» **TASK DIRECTIONS**: From the line holding "Alternatively, you could" through the line holding "What's up everyone, Milan" below, write out every line exactly; include both of those lines and drop the pictures.

★ ★ ★ ★

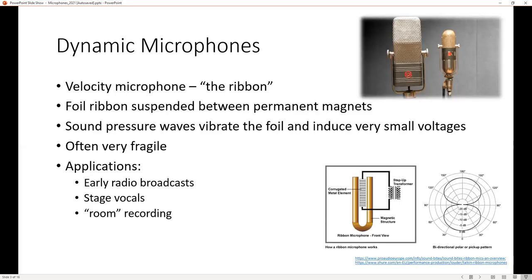Dynamic microphones — the first ones really in history were the ribbon microphone. You see these a lot in old photos from the early 20th century, the 1920s and 1930s. RCA made one of the big popular ones. The concept is a corrugated foil ribbon suspended between two magnet plates, with a step-up transformer on the output because the signal it generates is extremely small. When you talk into a ribbon microphone, the sound pressure vibrates the foil, and because it's between magnets, the vibrations induce a current and you get a voltage representing that waveform.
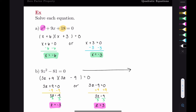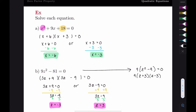Alternatively, you could factor out the nine immediately, leaving z squared minus nine equals zero, which factors nicely into z plus three times z minus three equals zero, giving the same answers of positive three and negative three. It saves a little work if you notice it, but if you don't, you'll still reach the same conclusions.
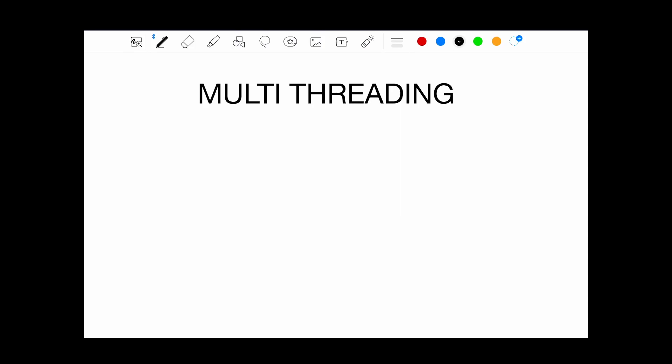What's up everyone, Milan here. In this video series, I'll explain everything to do with multithreading in Android.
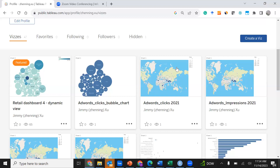Congratulations — you have now created three different charts and dashboards showcasing the number of clicks and number of impressions in different ways. Thank you for watching, please consider subscribing to my channel, and I hope you have a good day.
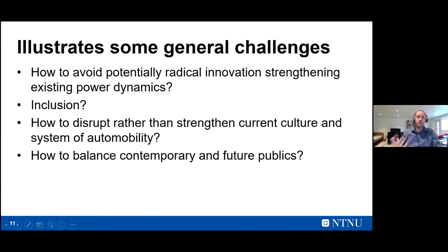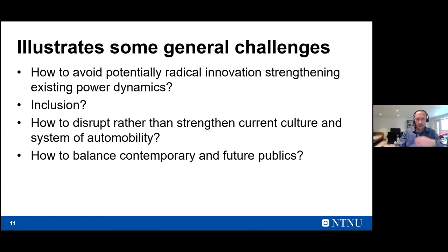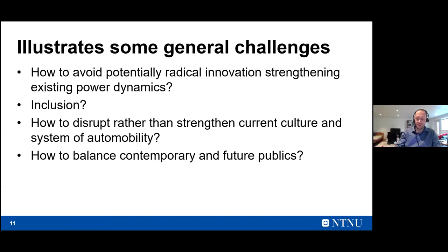It really became about putting something in traffic that wasn't too much of an annoyance, and through that, retelling a story about cars being the central way of getting around in Stavanger. It raises the question of what that means for inclusion and how to disrupt rather than strengthen current cultures and systems of automobility. And how do you balance catering for potential future publics of radical new technologies versus catering for the publics that are actually out there in traffic right now?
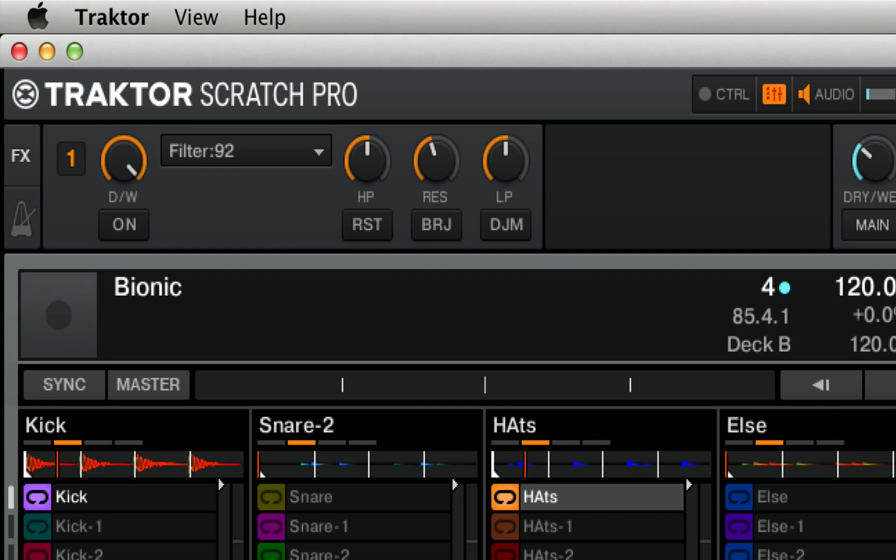In today's tutorial we're going to take a look at the dedicated Filter 92 effects within Tractor. These effects are all based on the filter circuits from Allen & Heath's Zone 92 mixer.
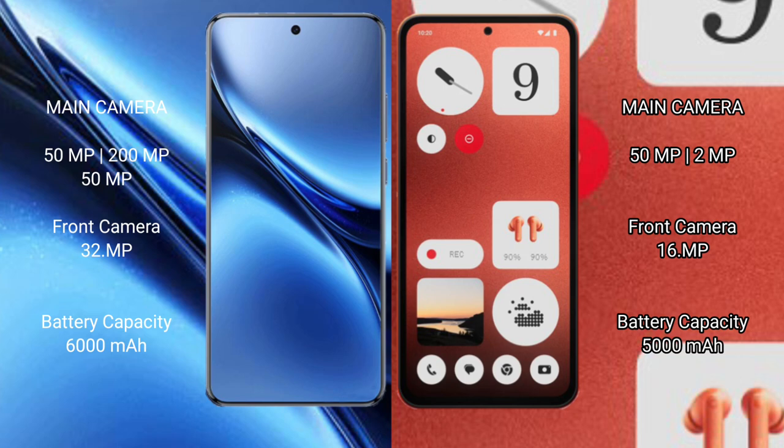The Vivo X200 Pro packs a 6000mAh battery with 90W fast charging support. The Nothing CMF Phone 1 has a 5000mAh battery with 33W fast charging support.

★ ★ ★ ★

» **OUTPUT BELOW**:
Alternatively, you could factor out the nine immediately, leaving z squared minus nine equals zero, which factors nicely into z plus three times z minus three equals zero, giving the same answers of positive three and negative three. It saves a little work if you notice it, but if you don't, you'll still reach the same conclusions.
What's up everyone, Milan here. In this video series, I'll explain everything to do with multithreading in Android.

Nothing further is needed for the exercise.